Ambassadors can outsource knowledge, but not a personal relationship: Bilahari Kausikan on US nominee Anjani Sinha
Singapore the U.S.'s requirements for ambassadors were totally different, and it was best not to prejudge.
Anjani Sinha is an orthopaedic surgeon, business owner, political donor, and now the political appointee for the role of United States ambassador to Singapore, who recently endured a stormy confirmation hearing for the role by the U.S. Senate.
Doubts were raised about whether Sinha was capable of taking up the role, with Senator Tammy Duckworth (D-IL) outright saying that she doubted his ability after he was unable to answers questions about the island state, such as what the trade deficit was with the U.S. was (none, the U.S. maintains a trade surplus with Singapore), or when it will chair the Asean regional bloc (2027).
Duckworth criticised him as being “not particularly qualified for the role”, "not doing his homework" and chided him for “not taking (the hearing) seriously”.
This disdain for Sinha was taken up by several online commenters, with many deriding the choice.
However, the backlash was opposed by veteran diplomat Bilahari Kausikan, the former Permanent Secretary of the Ministry of Foreign Affairs, and Singapore’s former ambassador to the United Nations, with more than 30 years of diplomatic and foreign affairs experience.
Ignorant and stupid
Mothership spoke with Bilahari about Sinha’s appointment and his confirmation hearing, and he shared his experience with previous U.S. ambassadors and the process used to select them.
Bilahari started in his typically frank and elbows-out manner, describing the critique of Sinha, and to a certain extent the people supplying it, as “both ignorant and stupid”.
That opinion bears some explanation.
Humiliating and discrediting
Firstly, Bilahari explained the nature of the U.S.’s confirmation hearings, which require the executive, in this case U.S. President Donald Trump, to nominate individuals for posts, such as the Ambassador to Singapore.
These individuals are then examined and have to go through two rounds of approval.
The first round is a committee hearing by a relevant Senate committee, in the case of Sinha, the Senate Foreign Relations Committee, on which Senator Duckworth sits.
That committee will then vote to approve or reject the candidate, and if approved, the full Senate will vote on the candidate’s approval, and only after that will they be able to take up the role.
The confirmation hearings were meant to provide an opportunity for the Senate’s most relevant members to question and test candidates on their suitability for a particular job.
But with Trump's Republican party having a comfortable majority in the Senate, Sinha's eventual confirmation is a formality.
Bilahari opined that the system had evolved over many decades, and in his opinion, they are “no longer serving their original purpose."
The hearings now serve the purpose of “humiliating and discrediting the candidate of the party in power by the party out of power”.

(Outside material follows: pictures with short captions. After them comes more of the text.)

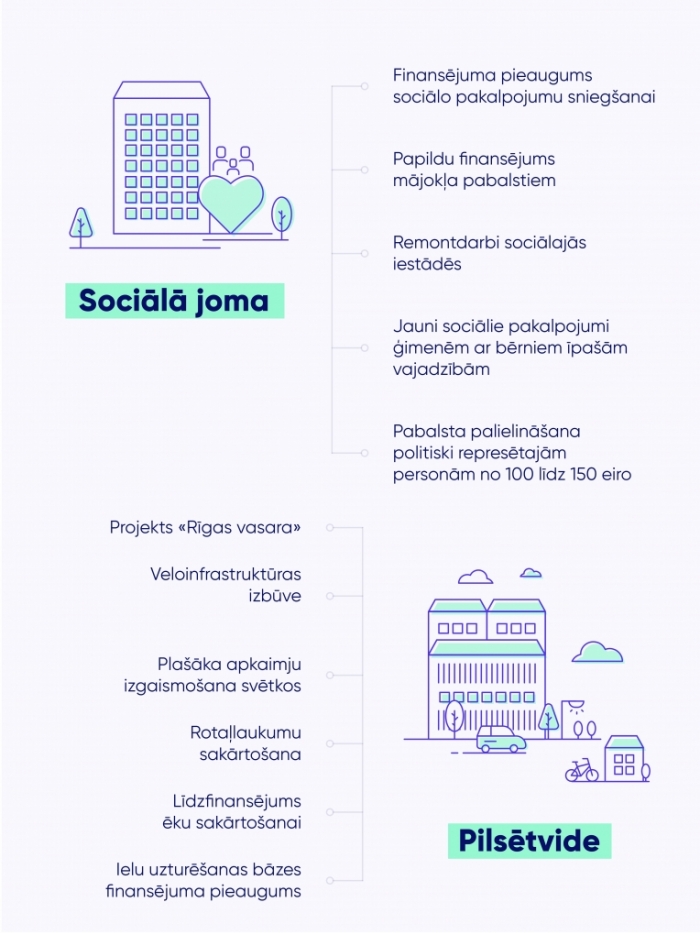 Sociālā joma un pilsētvide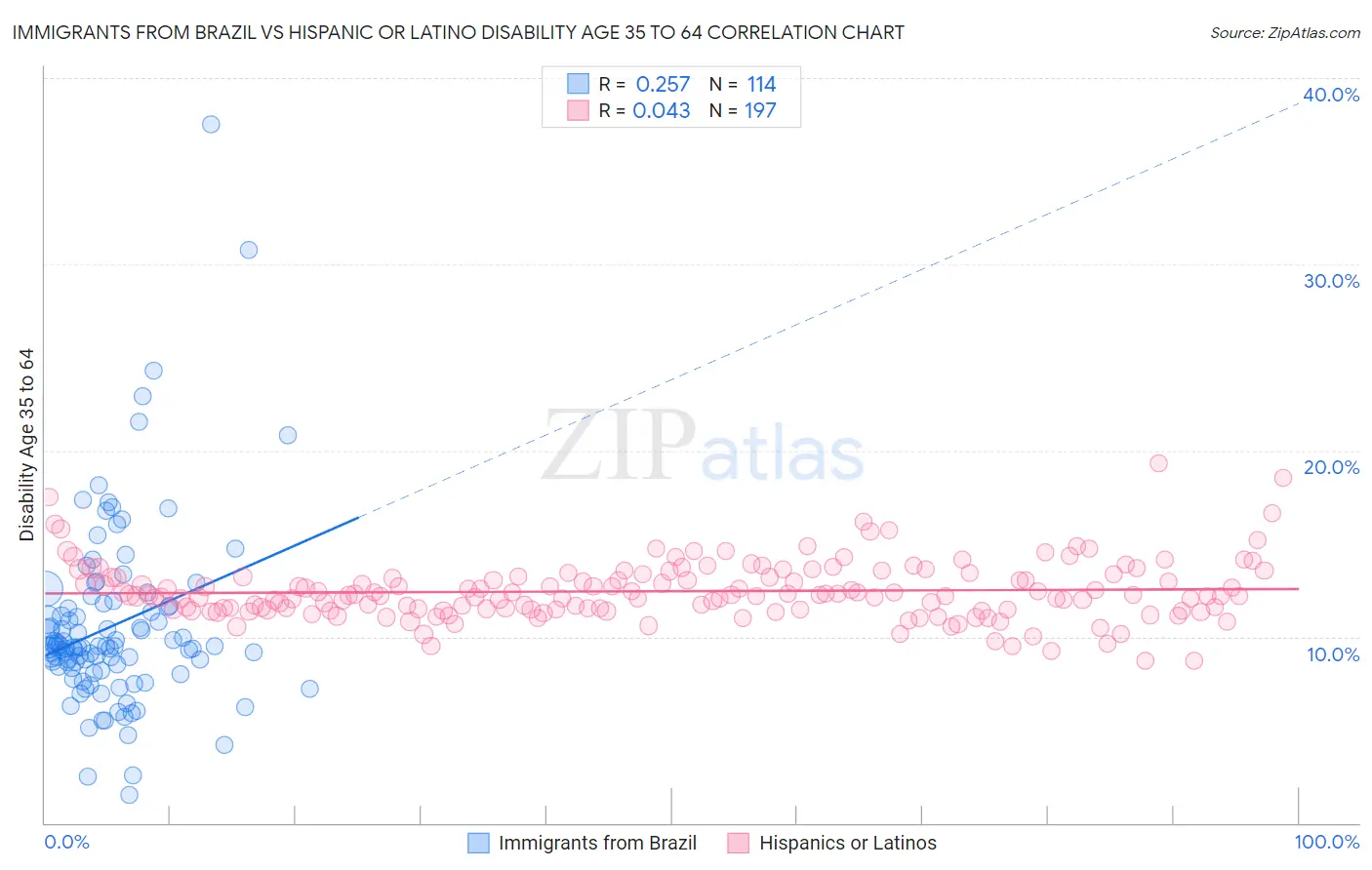 Immigrants from Brazil vs Hispanic or Latino Disability Age 35 to 64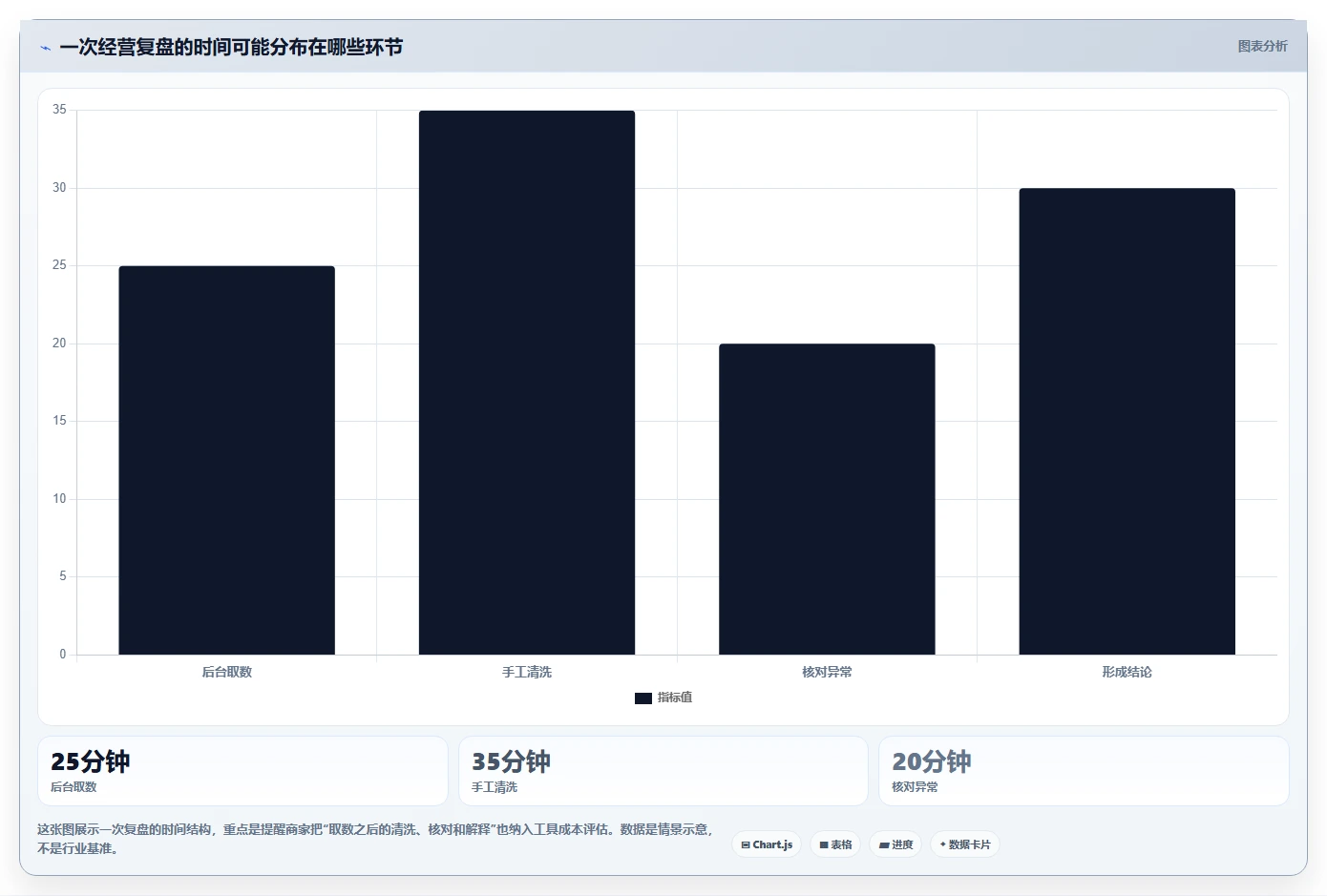 拼多多数据分析工具免费选择标准：使用限制维度如何评估成本控制
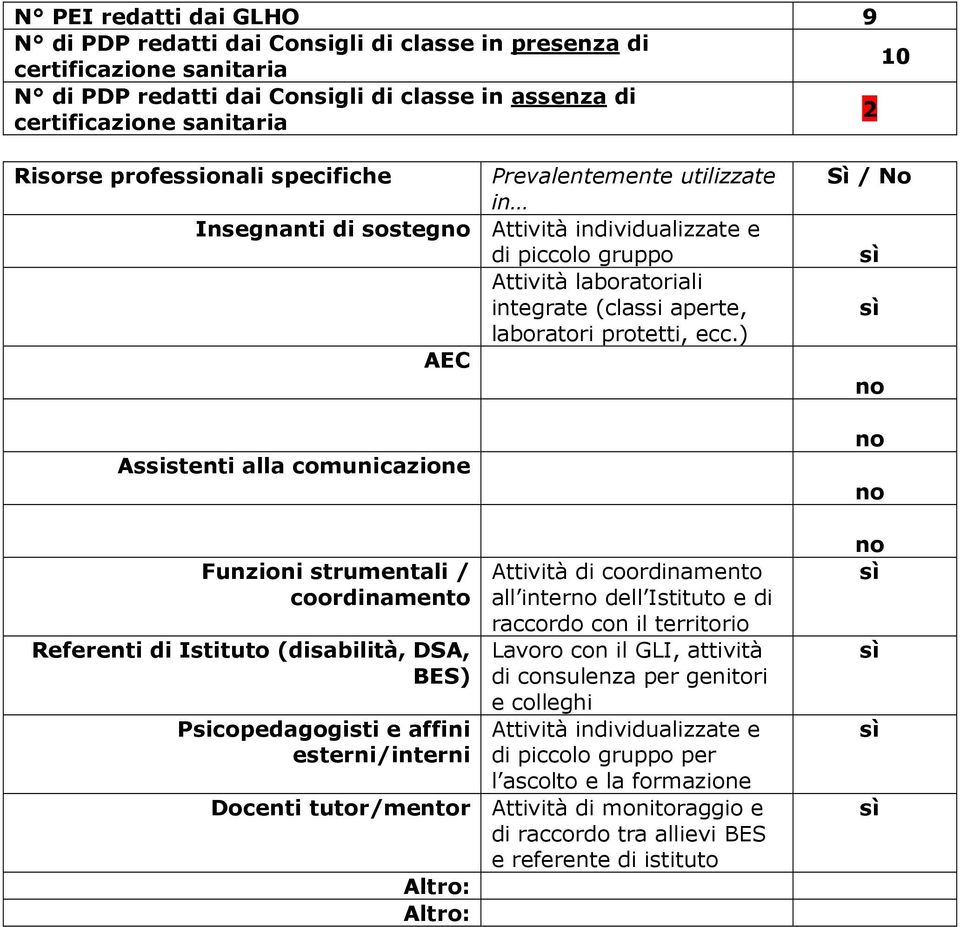 ) AEC Assistenti alla comunicazione Funzioni strumentali / coordinamento Referenti di Istituto (disabilità, DSA, BES) Psicopedagogisti e affini esterni/interni Attività di coordinamento all inter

Traditionally, the U.S. Senate has given nominees the benefit of the doubt, or at least allowed opposition to a candidate to be floated in private, allowing the candidate or administration to demur quietly.
Bilahari said that Duckworth and other Democratic senators on the committee would have gone on and attacked Sinha, regardless of the answers to his questions, and likely found him inadequate.
Duckworth at the time said that she did not have an issue with political appointees from either party, and has previously voiced opposition to Democratic nominees, even for Singapore.
No bad U.S. Ambassadors... so far
Bilahari also pointed out that the U.S. selects ambassadors in a very different way from Singapore.
While Singaporean ambassadors are now typically career diplomats (there are exceptions, more on that later), U.S. ambassadors were almost always political appointees, that is to say, candidates chosen at the discretion of the president.
Bilahari explained that in Singapore’s history, only three U.S. ambassadors had been career diplomats since the late 1970s, and the rest were political appointees.
“Very few had been ‘not very good’”, Bilahari said, “But none of them have been very bad”.
Or put another way, they’re mostly fine ambassadors, with a few distinguishing themselves.
Bilahari singled out Richard Kneip as an example of someone who had been mocked during his confirmation hearings.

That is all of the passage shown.